# Amps



## douglas598 (Apr 7, 2005)

I'm new to this car audio thing and I'm confused about the amp setup. I haven't purchased any components yet, because I need to be educated first. I thought that I would get a Sony haed unit and a 4 channel amp to drive front and rear speakers and a 2 channel amp to drive a sub or 2. My confusion is this, my front speaker to go in the factroy holes will be 4". All the 4" speakers I've looked at arn't rated as high as the rear speakers. How can I connect 100watt RMS front speakers and 500watt RMS rear speakers to an amp with 500watt RMS output?
I'm installing whatever I come up with in a 1992 Isuzu and I not looking for punch bass, just clean powerfull sound.
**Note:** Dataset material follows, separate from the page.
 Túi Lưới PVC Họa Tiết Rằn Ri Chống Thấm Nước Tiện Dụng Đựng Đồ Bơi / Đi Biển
Thanx for any help in advance,
douglas598


----------



## yustr (Sep 27, 2004)

The wattage rating of a speaker is meaningless. Your setup sounds fine. A 4-channel amp will provide power to your F R/L and R R/L based on how you've balanced the system and the demands of the music. You'll need to pay attention to the "efficiency" rating of the speakers - usually given in decibels (typically around 90 dB) What this means is that given a 1 Watt input the speaker makes 90 dB when measured 1 meter away. If the fronts and rears are very different - more than 6 dB in the ratings - balancing them might require some work or an equalizer in the system.

Hope this helps.


----------



## douglas598 (Apr 7, 2005)

Yes, this helps alot. I was afriad an amp with a higher output than the speaker rating would blow the speakers. 
Thanx now I can move on to purchasing parts. thanx for your speedy answer, I've been searching Google forever!

douglas598


----------